[Supplied records]
*****
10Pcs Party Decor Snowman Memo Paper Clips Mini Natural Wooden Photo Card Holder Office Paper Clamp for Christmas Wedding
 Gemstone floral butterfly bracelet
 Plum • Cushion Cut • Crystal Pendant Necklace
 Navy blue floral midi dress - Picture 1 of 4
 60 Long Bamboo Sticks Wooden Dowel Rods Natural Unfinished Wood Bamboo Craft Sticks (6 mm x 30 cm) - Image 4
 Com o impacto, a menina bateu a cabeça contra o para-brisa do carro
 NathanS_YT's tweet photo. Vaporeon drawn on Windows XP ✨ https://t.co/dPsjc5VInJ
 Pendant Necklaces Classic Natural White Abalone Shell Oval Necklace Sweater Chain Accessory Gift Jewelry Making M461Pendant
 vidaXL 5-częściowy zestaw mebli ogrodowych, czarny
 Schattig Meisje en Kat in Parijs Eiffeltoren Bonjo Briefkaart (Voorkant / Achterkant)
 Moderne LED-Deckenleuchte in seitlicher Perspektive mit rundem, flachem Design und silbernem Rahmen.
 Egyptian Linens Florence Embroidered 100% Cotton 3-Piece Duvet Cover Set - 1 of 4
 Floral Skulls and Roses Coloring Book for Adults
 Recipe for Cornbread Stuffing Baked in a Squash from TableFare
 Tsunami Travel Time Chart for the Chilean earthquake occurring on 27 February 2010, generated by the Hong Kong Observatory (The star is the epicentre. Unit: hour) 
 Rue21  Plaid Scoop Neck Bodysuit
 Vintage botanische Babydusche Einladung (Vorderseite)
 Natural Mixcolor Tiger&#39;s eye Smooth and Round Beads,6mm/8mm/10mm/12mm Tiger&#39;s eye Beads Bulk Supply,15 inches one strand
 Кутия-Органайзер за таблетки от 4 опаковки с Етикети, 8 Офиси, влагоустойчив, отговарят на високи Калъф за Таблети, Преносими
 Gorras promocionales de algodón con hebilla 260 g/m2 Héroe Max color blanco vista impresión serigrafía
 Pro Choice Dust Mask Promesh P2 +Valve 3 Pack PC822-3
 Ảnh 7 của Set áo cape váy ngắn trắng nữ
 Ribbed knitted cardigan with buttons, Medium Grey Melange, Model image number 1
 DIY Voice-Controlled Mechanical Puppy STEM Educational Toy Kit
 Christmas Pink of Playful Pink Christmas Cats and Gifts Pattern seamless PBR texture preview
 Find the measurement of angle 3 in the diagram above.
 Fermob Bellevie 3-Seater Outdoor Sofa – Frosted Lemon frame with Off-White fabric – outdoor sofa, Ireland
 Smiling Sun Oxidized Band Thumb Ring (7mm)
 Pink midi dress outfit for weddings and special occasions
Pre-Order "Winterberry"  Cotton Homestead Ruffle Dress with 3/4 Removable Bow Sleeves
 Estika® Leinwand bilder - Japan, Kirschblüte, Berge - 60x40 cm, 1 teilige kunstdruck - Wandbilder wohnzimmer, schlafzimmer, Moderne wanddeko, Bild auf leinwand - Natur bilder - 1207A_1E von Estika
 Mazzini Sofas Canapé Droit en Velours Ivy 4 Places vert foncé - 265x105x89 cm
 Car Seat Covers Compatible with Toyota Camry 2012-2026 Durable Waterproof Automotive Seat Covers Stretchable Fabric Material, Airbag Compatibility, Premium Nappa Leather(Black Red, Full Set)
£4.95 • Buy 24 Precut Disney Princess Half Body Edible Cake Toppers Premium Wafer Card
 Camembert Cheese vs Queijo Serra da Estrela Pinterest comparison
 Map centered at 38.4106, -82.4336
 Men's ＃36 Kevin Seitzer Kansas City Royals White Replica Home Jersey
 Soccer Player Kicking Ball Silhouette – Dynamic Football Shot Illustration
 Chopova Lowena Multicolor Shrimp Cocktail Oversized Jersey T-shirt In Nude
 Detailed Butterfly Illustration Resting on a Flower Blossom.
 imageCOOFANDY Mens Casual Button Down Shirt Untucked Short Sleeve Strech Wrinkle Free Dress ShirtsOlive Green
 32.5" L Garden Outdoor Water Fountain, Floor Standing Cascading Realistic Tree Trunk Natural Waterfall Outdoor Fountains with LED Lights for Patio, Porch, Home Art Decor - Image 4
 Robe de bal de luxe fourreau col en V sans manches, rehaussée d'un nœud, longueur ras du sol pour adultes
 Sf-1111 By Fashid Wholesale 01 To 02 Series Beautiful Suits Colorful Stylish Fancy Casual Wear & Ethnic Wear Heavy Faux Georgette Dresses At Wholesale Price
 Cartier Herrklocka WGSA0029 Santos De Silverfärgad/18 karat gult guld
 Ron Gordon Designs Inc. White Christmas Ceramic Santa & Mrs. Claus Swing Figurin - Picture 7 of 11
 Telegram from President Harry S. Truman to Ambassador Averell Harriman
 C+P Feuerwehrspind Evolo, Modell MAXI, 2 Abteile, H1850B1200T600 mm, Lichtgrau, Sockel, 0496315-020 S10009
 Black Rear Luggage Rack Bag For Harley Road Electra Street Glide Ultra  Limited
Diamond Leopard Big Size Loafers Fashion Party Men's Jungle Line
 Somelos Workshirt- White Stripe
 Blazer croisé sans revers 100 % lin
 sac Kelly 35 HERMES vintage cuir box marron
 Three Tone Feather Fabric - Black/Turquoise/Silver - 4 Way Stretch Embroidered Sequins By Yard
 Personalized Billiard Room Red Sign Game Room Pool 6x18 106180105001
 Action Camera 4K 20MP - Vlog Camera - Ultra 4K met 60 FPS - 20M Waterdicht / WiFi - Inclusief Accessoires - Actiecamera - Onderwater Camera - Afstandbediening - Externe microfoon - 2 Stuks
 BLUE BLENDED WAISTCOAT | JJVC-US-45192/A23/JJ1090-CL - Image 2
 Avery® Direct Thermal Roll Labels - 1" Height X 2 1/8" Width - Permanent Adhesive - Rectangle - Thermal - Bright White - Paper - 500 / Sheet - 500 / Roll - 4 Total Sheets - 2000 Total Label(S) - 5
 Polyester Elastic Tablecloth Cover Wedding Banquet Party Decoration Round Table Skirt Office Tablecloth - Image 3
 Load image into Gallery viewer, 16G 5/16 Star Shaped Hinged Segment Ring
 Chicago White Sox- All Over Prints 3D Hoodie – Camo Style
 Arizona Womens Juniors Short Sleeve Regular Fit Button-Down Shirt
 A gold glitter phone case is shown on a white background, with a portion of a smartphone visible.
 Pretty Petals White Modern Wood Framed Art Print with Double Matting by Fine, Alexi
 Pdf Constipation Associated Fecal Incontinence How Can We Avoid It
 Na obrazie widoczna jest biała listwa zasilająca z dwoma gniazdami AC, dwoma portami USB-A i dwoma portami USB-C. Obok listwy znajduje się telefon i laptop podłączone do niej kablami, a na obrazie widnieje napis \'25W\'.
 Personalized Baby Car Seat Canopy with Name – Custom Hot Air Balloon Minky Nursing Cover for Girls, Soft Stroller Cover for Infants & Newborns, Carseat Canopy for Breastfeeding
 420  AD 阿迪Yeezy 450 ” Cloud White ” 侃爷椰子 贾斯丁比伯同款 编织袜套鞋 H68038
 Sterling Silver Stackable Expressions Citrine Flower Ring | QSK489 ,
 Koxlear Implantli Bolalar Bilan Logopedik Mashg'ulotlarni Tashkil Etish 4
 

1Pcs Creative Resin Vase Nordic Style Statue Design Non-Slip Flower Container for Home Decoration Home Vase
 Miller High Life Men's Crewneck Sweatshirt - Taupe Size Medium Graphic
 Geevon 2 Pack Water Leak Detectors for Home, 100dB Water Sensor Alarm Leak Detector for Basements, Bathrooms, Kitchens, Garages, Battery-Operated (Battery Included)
*****
[Aim of the task]
Identify the lines in the entries that hold "Paper" and return each one.

[Solution to the problem]
10Pcs Party Decor Snowman Memo Paper Clips Mini Natural Wooden Photo Card Holder Office Paper Clamp for Christmas Wedding
 Avery® Direct Thermal Roll Labels - 1" Height X 2 1/8" Width - Permanent Adhesive - Rectangle - Thermal - Bright White - Paper - 500 / Sheet - 500 / Roll - 4 Total Sheets - 2000 Total Label(S) - 5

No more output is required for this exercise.